Fournisseur de robots industriels, de logiciels de robots, d’équipements et de solutions complètes d’application, ABB aide à optimiser les industries dans leur productivité, à améliorer la qualité de leurs produits et à garantir la sécurité de leurs employés. Présent dans 53 pays, ABB a déjà fourni plus de 300 000 robots dans le monde. Quel est son regard sur …

Robotique : ABB veut faire basculer les usines agroalimentaires vers le 4.0.
ABB aide à optimiser les industries dans leur productivité, à améliorer la qualité de leurs produits et à garantir la sécurité de leurs employés. ABB a déjà fourni plus de 300 000 robots dans le monde.

Fournisseur de robots industriels, de logiciels de robots, d’équipements et de solutions complètes d’application, ABB aide à optimiser les industries dans leur productivité, à améliorer la qualité de leurs produits et à garantir la sécurité de leurs employés.

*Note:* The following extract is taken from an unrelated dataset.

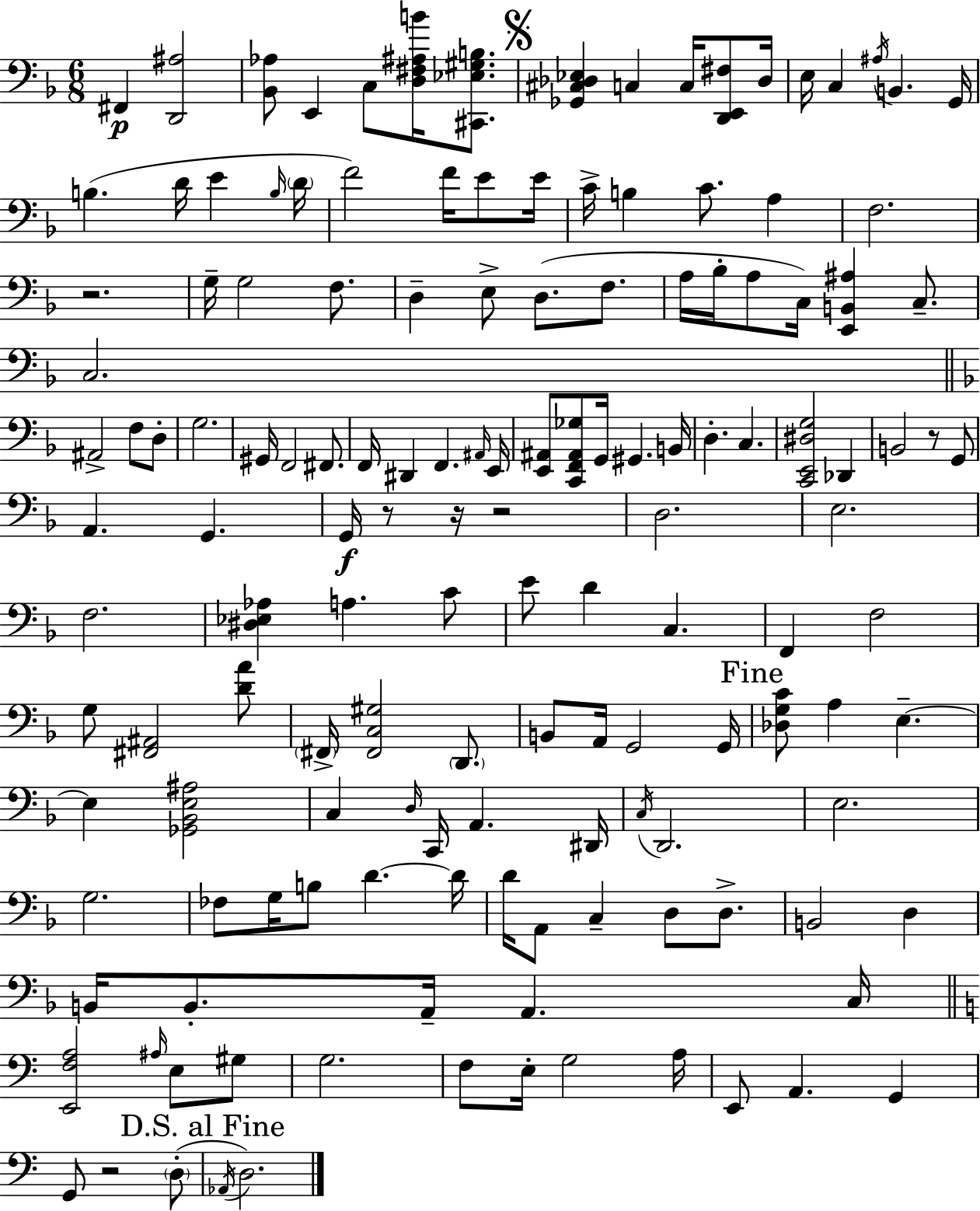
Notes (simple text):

Présent dans 53 pays, ABB a déjà fourni plus de 300 000 robots dans le monde. Quel est son regard sur la place de la robotique dans l’industrie agroalimentaire dans les années à venir ? Des éléments de réponses avec Serge Nadreau, responsable de l’activité robotique ABB sur la France.

Pouvez-vous nous donner tout d’abord votre définition de la robotisation par rapport à l’automatisation?

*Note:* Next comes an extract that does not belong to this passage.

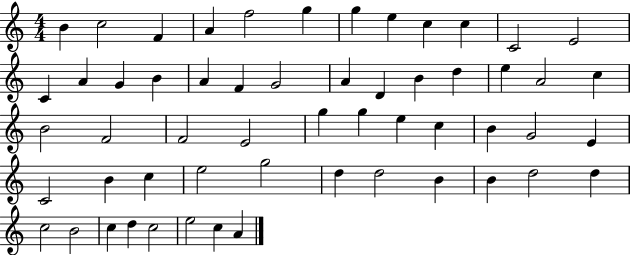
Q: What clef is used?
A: treble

Serge Nadreau : La robotique, c’est de l’automatisation dont la flexibilité est adaptée à l’environnement. Le robot est capable de changer son comportement en fonction de différents facteurs et paramètres. Le robot apporte de la flexibilité, de l’intelligence dans son comportement et dans ses tâches grâce à l’analyse de son environnement.

Selon les derniers chiffres parus, les ventes de robots industriels ont augmenté de 31% dans le monde, soit un nouveau record de 387 000 unités en 2017. Plus de 19% dans l’industrie alimentaire. Que vous inspirent ces chiffres?

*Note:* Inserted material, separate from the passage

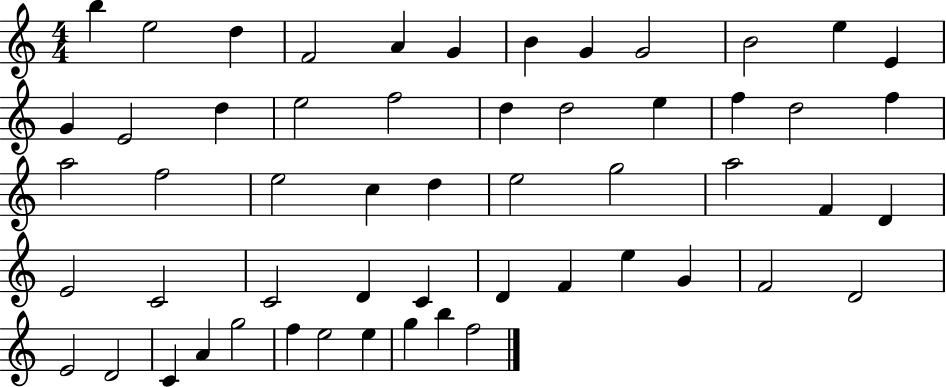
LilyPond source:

S. N. : En effet, ces chiffres explosent et sont tirés par les marchés asiatiques. Mais l’Europe participe aussi à la croissance avec + 10% en 2017. Cela est significatif des besoins d’automatisation dans tous les secteurs industriels. Le secteur de l’agroalimentaire n’y échappe pas avec des normes de plus en plus strictes et une concurrence accrue. Parallèlement, l’arrivée de nouvelles technologies facilite l’installation de la robotique. Ces dernières ne vont cesser de se développer.

Comment le groupe ABB participe-t-il à la robotisation de l’industrie agroalimentaire ? Et comment se démarque-t-il?

S. N. : ABB a choisi de développer une gamme de robots spécifiques à l’agroalimentaire capables de travailler sur les trois principaux process que nous appelons les «3 P», à savoir le Picking (Je prends le chocolat et le mets dans la boîte), le Packing (Je mets la boîte dans le carton) et le Palletizing (Je mets le carton sur la palette).
Pour faire ces opérations, ABB a développé des robots dotés de mécaniques différentes avec quatre axes, capable de faire un travail de très grande précision à des cadences élevées, et possédant des fonctionnalités logicielles adaptées à l’agroalimentaire.

Quels sont les avantages de robotiser son industrie aujourd’hui?

S. N. : Les industriels, notamment dans l’agroalimentaire ont pour principales préoccupations la sécurité, la traçabilité, le respect des normes et les performances. Lorsque l’on souhaite répondre à ces préoccupations, l’automatisation et la robotique apportent des solutions fiables. Pour exemple, en terme de flexibilité, une voiture change de modèle tous les 7ans. Chez Danone, on change de produits tous les trois mois ! Il y a donc un besoin de réactivité, de reprogrammation rapide de l’outil de production. La robotique est intéressante pour cette flexibilité. Un robot est programmable, c’est une mécanique. Non seulement il est capable de faire une tâche répétitive mais il va également intégrer les informations de son environnement.
Avec les robots, la numérisation entre dans la l’unité de fabrication. Ce n’est pas seulement un bras mécanique qui fait l’opération mais également des données de traçabilité que l’on stocke dans le Cloud.
Enfin, l’industriel qui souhaite intégrer la robotique dans son process, doit savoir que son retour sur investissement sera de l’ordre d’une année.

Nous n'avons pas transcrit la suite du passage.